**Dataset section:**
┄┄┄┄┄┄┄┄┄┄

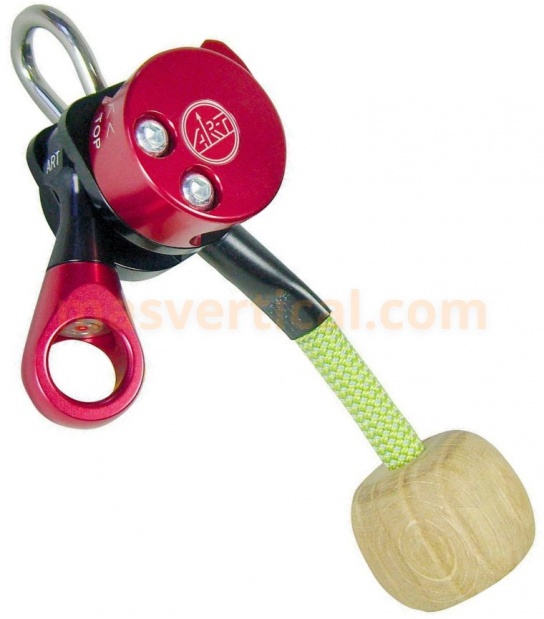 DISPOSITIVO DE TREPA LOCKJACK 2 ART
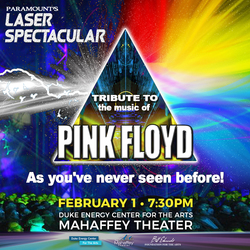 A TRIBUTE TO PINK FLOYD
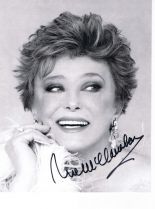 Rue McClanahan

┄┄┄┄┄┄┄┄┄┄

**Requirement:** Word for word, quote the full listing, omitting every picture.

**Final answer:**
 DISPOSITIVO DE TREPA LOCKJACK 2 ART
 A TRIBUTE TO PINK FLOYD
 Rue McClanahan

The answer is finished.